Reproduce without any pictures the lines from the one that contains "Holiday TV Comedy" through the end of the records, exactly as written.
┌─ RECORDS
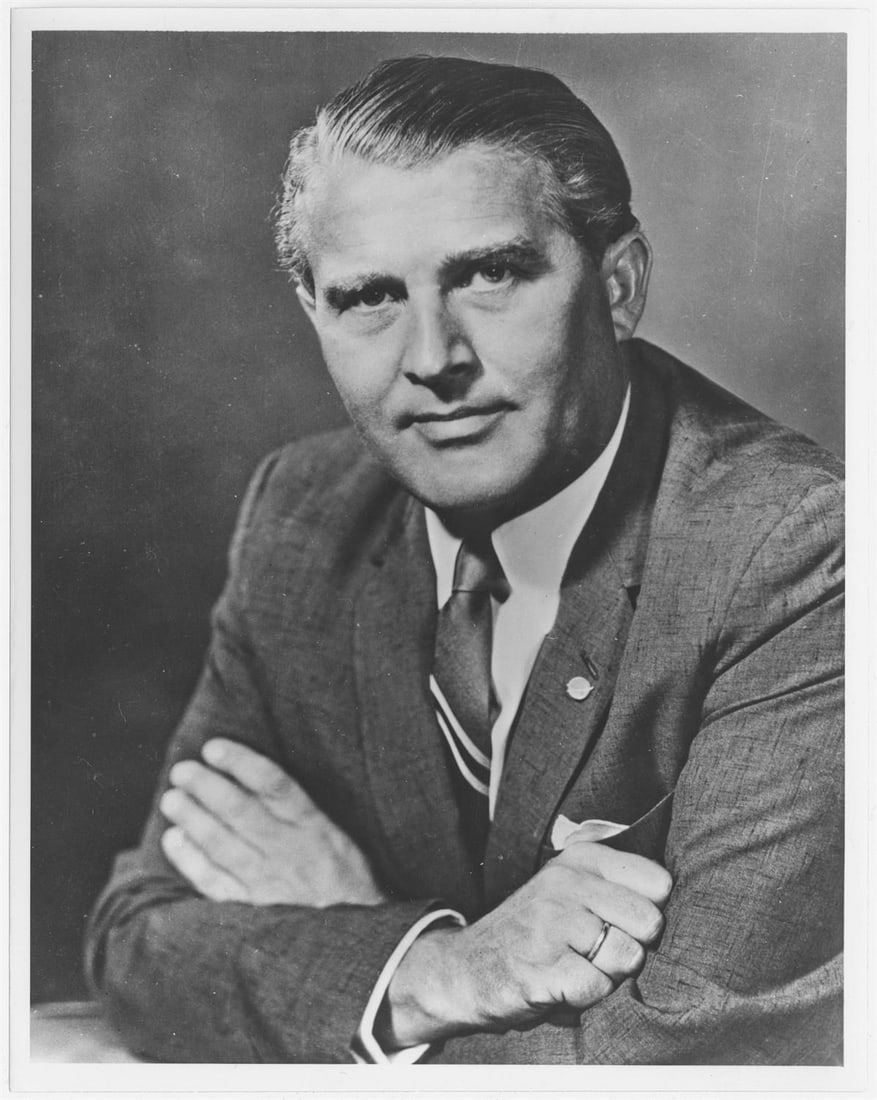 [Project Apollo] WERNHER VON BRAUN, VISIONARY ARCHITECT OF THE MOON LANDING (1 of 2)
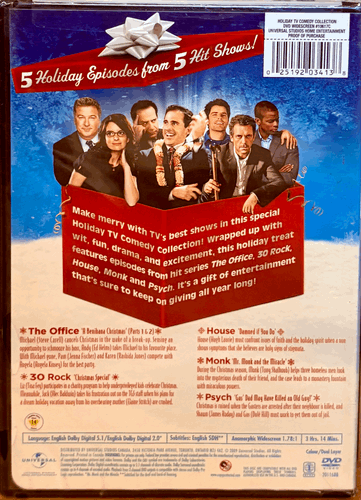 Holiday TV Comedy Collection (DVD) The Office, House, Psych, Monk, 30 Rock NEW image 1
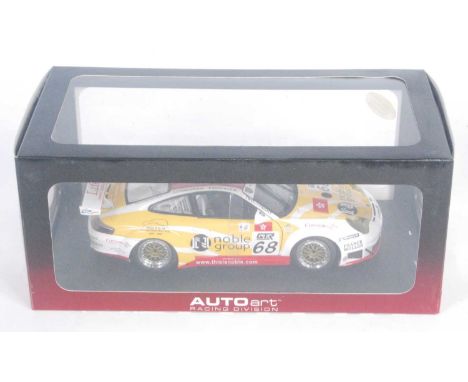 An Autoart Racing Division No. 80582 Porsche 911 (996) GT3 RSR 2005 race car as driven by Matthew Marsh, limited edition 1/20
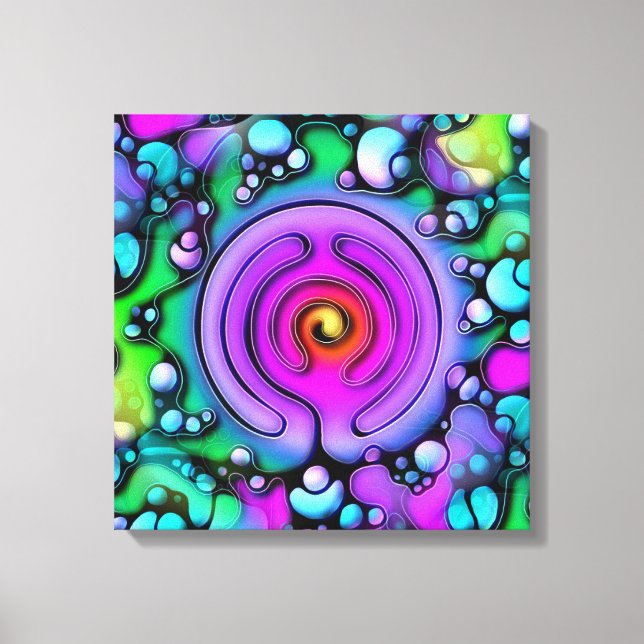 Ways Of Life - Neurographic Art Pattern 2 Canvas Print (Front)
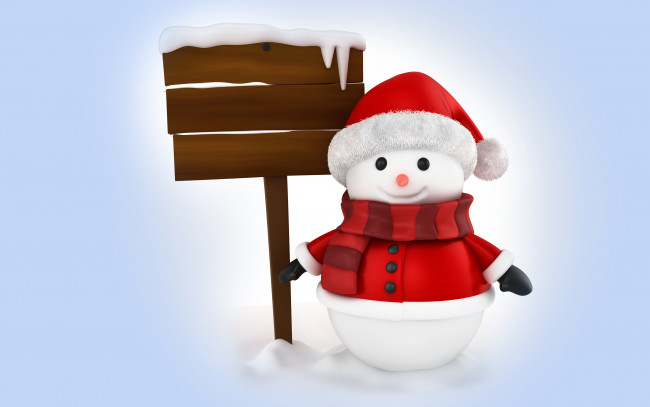 Обои картинки фото праздничные, снеговики, снеговик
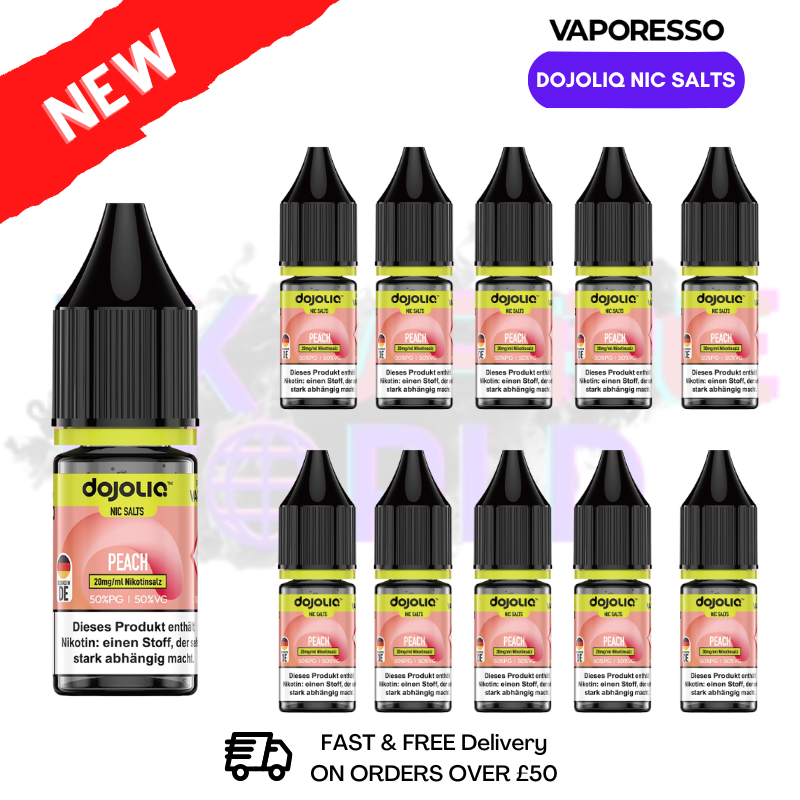 Peach Dojo Liq Nic Salts Box Of 10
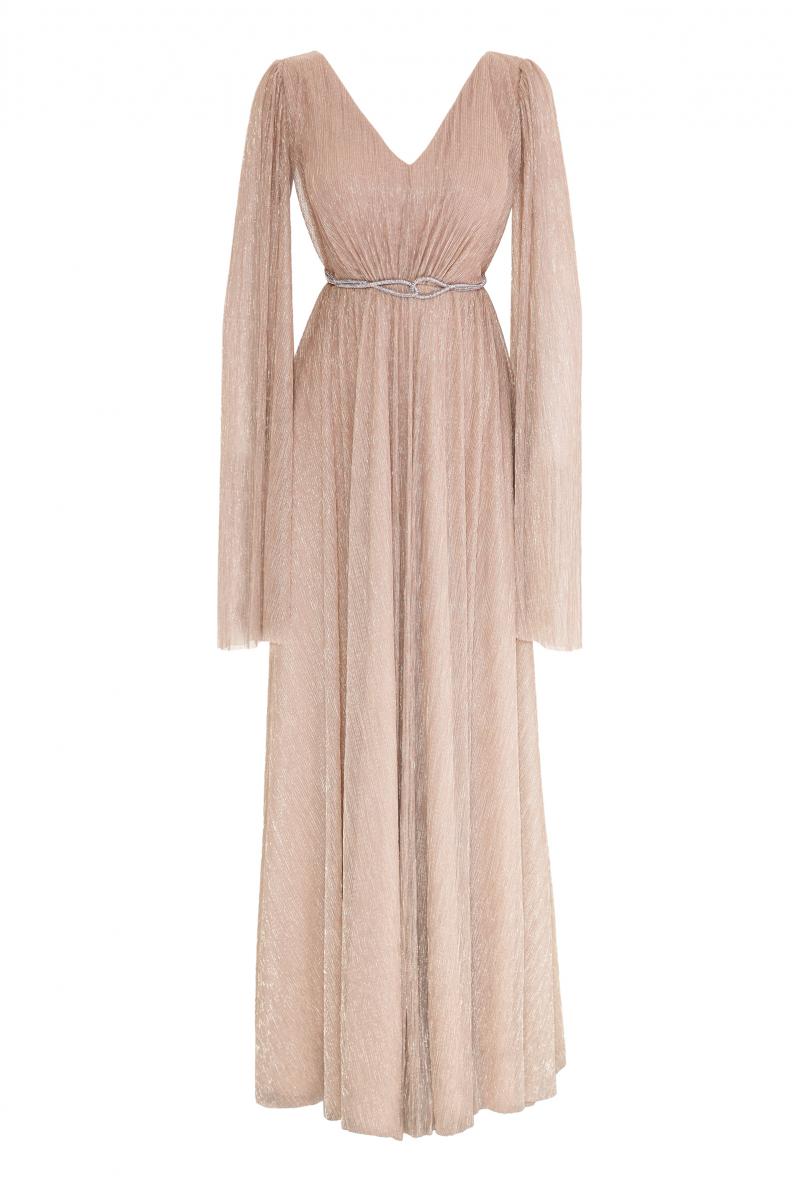 Blush moonlight sleeveless maxi dress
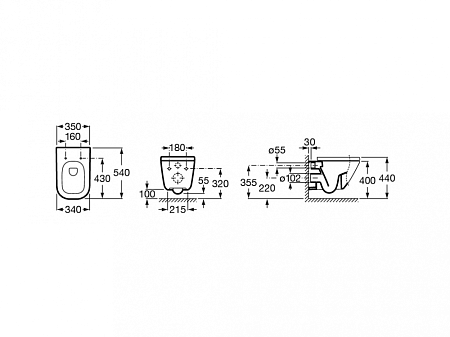 Унитаз подвесной Roca Gap 346477000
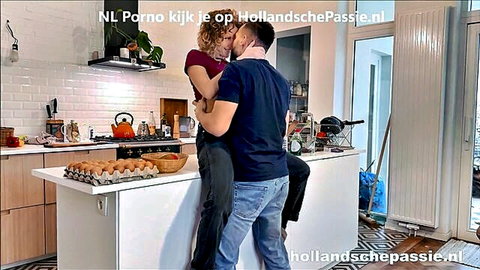 Blonde with big ass lifted by guy exposing bare cheeks for kitchen fuck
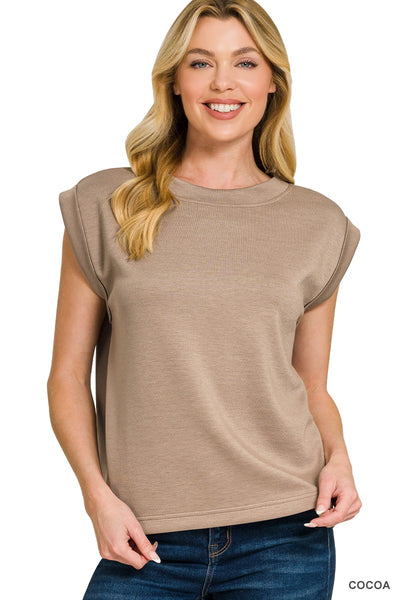 Super Soft Scuba Sleeveless Top
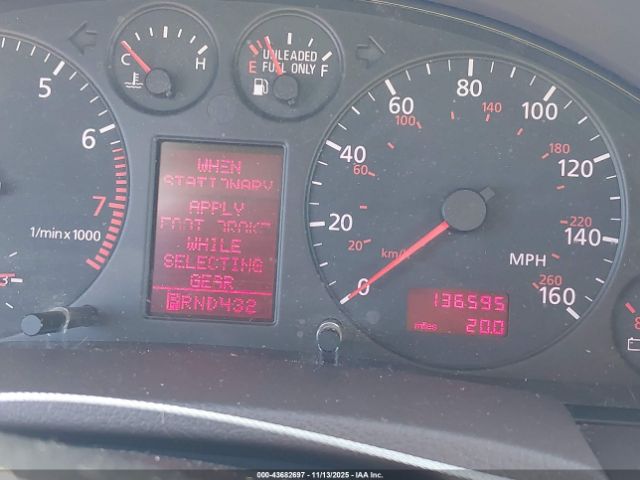 1999 AUDI A6 WAUDA24BXXN024337 Photo 6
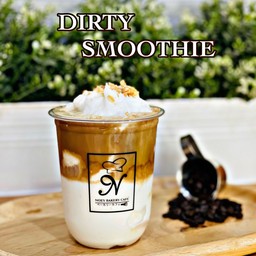 Coconut frappe top with espresso shot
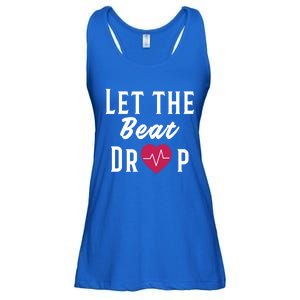 Let The Beat Drop Funny Nurse Adenosine Meaningful Gift Ladies Essential Flowy Tank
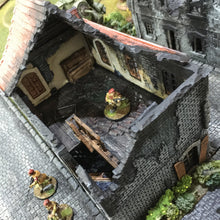Load image into Gallery viewer, French House Shop Ruin - 15mm 28mm 32mm Time Warp Wargaming Terrain Scatter D&amp;D, DnD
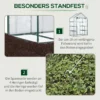 Foliekas bevaarbaar tomatenkas 142x73x195cm met 6 planken, transparant voor tuin & planten 7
└─
• [EXERCISE OUTPUT]:
 Holiday TV Comedy Collection (DVD) The Office, House, Psych, Monk, 30 Rock NEW image 1
 An Autoart Racing Division No. 80582 Porsche 911 (996) GT3 RSR 2005 race car as driven by Matthew Marsh, limited edition 1/20
 Ways Of Life - Neurographic Art Pattern 2 Canvas Print (Front)
 Обои картинки фото праздничные, снеговики, снеговик
 Peach Dojo Liq Nic Salts Box Of 10
 Blush moonlight sleeveless maxi dress
 Унитаз подвесной Roca Gap 346477000
 Blonde with big ass lifted by guy exposing bare cheeks for kitchen fuck
 Super Soft Scuba Sleeveless Top
 1999 AUDI A6 WAUDA24BXXN024337 Photo 6
 Coconut frappe top with espresso shot
 Let The Beat Drop Funny Nurse Adenosine Meaningful Gift Ladies Essential Flowy Tank
Load image into Gallery viewer, French House Shop Ruin - 15mm 28mm 32mm Time Warp Wargaming Terrain Scatter D&amp;D, DnD
 Foliekas bevaarbaar tomatenkas 142x73x195cm met 6 planken, transparant voor tuin & planten 7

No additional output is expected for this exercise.